Au cœur de cette controverse se trouve l’amendement 159. En évoquant un « contexte budgétaire restreint », cet amendement stipule qu’à partir du 1er janvier 2026, « les soins, actes et prestations liés à la psychanalyse ou basés sur des principes psychanalytiques ne bénéficieront plus de remboursement ni de participation de l’assurance maladie ». Ce texte, qui sera présenté prochainement en séance publique, vise à souligner le manque de reconnaissance scientifique des soins psychanalytiques pour traiter les troubles du neuro-développement, les troubles anxieux ou dépressifs, ainsi que les maladies psychiatriques chroniques. Face à cette initiative, la révolte s’intensifie.
« Aucune psychothérapie ne se démarque des autres »
En quelques phrases, l’amendement de Jocelyne Guidez justifie sa démarche de restreindre le remboursement aux thérapies dont l’« efficacité a été prouvée et évaluée ». La sénatrice évoque avoir été en contact avec des parents ayant « vécu des abus de thérapies psychanalytiques pour leurs enfants souffrant d’autisme ou de TDAH ». Elle affirme : « Ces abus sont indignes, c’est inacceptable. Recourir à la psychanalyse pour ces enfants est totalement inutile », a-t-elle déclaré à Public Sénat.
De son côté, le SNP déplore que cet amendement ait été élaboré « sans dialogue avec les praticiens ni compréhension des réalités cliniques ». D’autre part, l’argument selon lequel l’inefficacité de la psychanalyse serait fondé sur des preuves scientifiques est contesté par les praticiens. « De plus en plus d’études montrent que toutes les psychothérapies, lorsqu’elles sont menées sérieusement avec des encadrements appropriés, fonctionnent » explique le pédopsychiatre Pablo Votadoro.

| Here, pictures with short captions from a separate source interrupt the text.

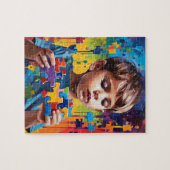 Autisme Legpuzzel (Horizontaal)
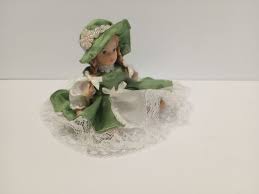 Mini Miniature Small Porcelain Doll Jointed Bisque 4 ...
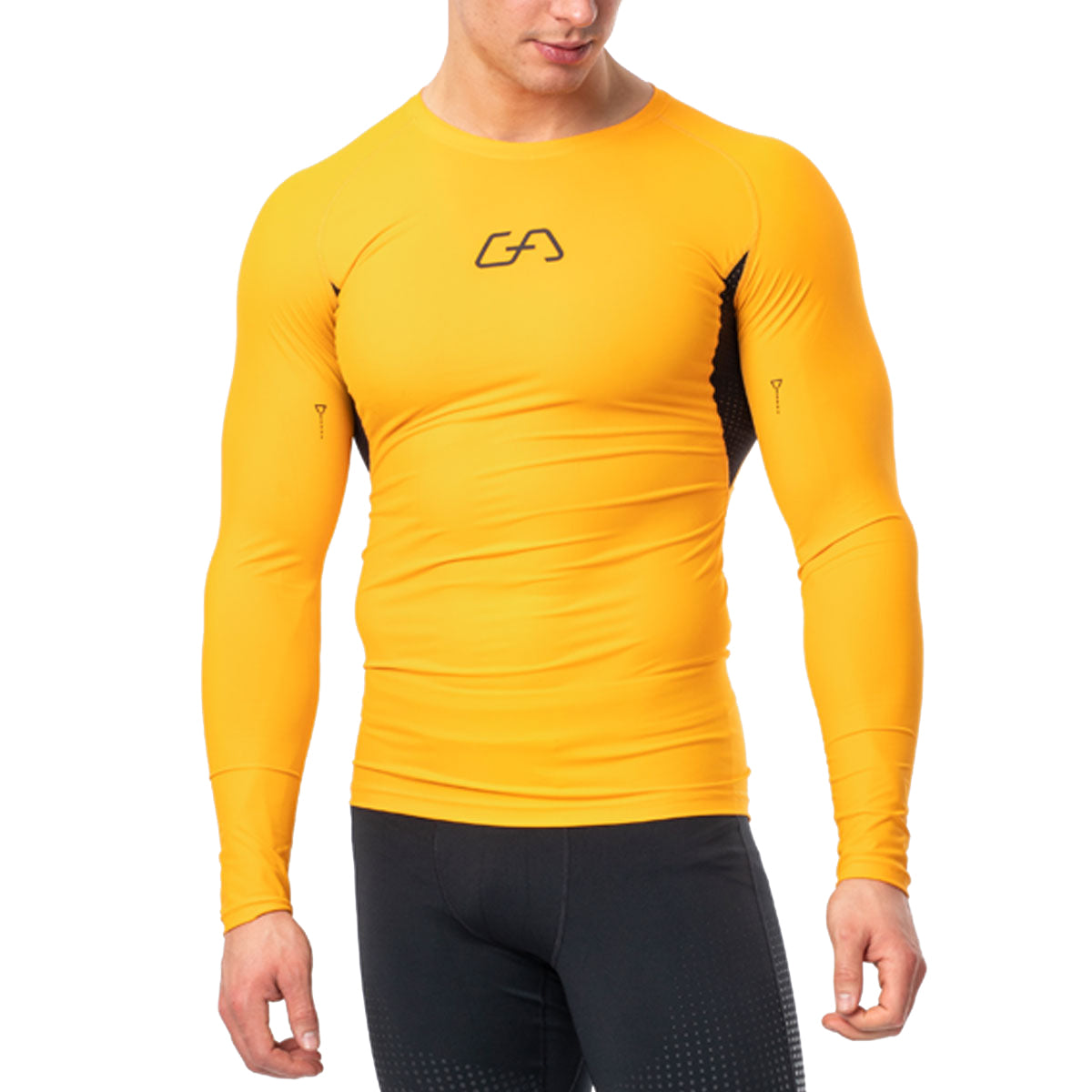 Image of Langarm Kompressionsshirt Herren HiTense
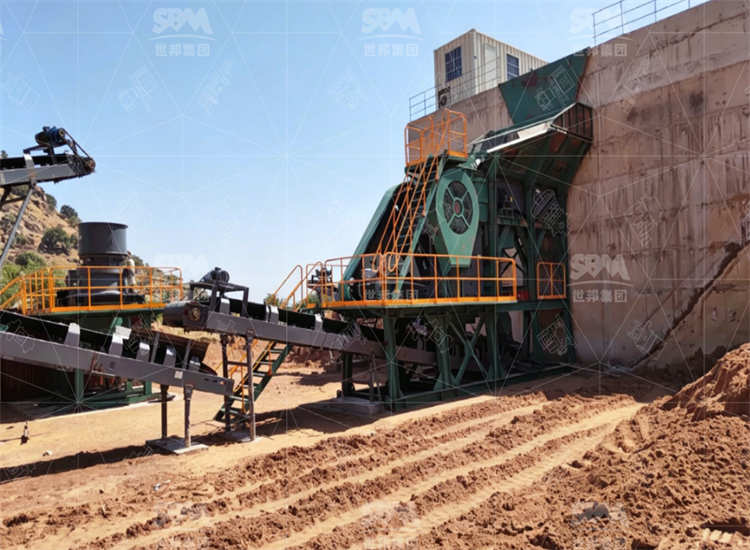 100TPH Granite Sand Production Line Cost in Nigeria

Aucune psychothérapie ne se démarque fondamentalement. En tout cas, la psychanalyse et les psychothérapies qui en découlent sont tout aussi valables.
Autisme : une exception à considérer
Parmi les troubles mentionnés dans l’amendement figurent ceux du neurodéveloppement, y compris les troubles du spectre autistique. En excluant la psychanalyse des options thérapeutiques pour l’autisme, Pablo Votadoro perçoit un modèle qui perçoit « les enjeux psychiatriques des enfants uniquement sous l’angle de la rééducation, comme un handicap ». Il souligne l’importance de divers leviers pour fournir un encadrement adapté à chaque jeune.
Orthophonie, psychomotricité, aide sociale, soutien éducatif, aménagements scolaires… Le pédopsychiatre insiste sur le fait qu’il a de multiples compétences. « La psychanalyse fait partie de ces outils. C’est comme si on interdisait à un chirurgien d’utiliser un instrument précis pendant une opération », illustre le pédopsychiatre. Selon lui, la psychanalyse est essentielle pour en comprendre le développement au niveau émotionnel, des liens affectifs et des dynamiques familiales.
Ce n’est pas un outil exclusif. C’est un parmi d’autres. La psychanalyse est un artisanat, une sorte de savoir-faire.
Préserver la diversité des méthodes
Bien plus qu’une défense de la psychanalyse, le SNP souhaite surtout préserver « la diversité des méthodes » dans le domaine de la santé mentale, qui fait partie intégrante du travail des psychologues, permettant à chacun d’évaluer les approches à adopter. La standardisation des soins soulève également des inquiétudes chez l’association M3P :
En limitant le remboursement aux seules approches validées selon une définition étroite de la preuve, cet amendement présente un risque sérieux : réduire la prise en charge psychique à un seul protocole, alors que chaque individu a besoin de voies multiples pour s’exprimer, réfléchir et évoluer, écrit-elle dans un communiqué.
D’ailleurs, Aurore Bazin, membre du bureau national du SNP, a rappelé à Public Sénat que les réactions à l’amendement de la sénatrice ne visent pas uniquement à défendre la psychanalyse, mais la psychologie dans sa globalité. « La complexité de la psyché humaine, l’unicité des individus et la diversité des situations cliniques rendent impossible l’homogénéisation des méthodes », souligne le SNP.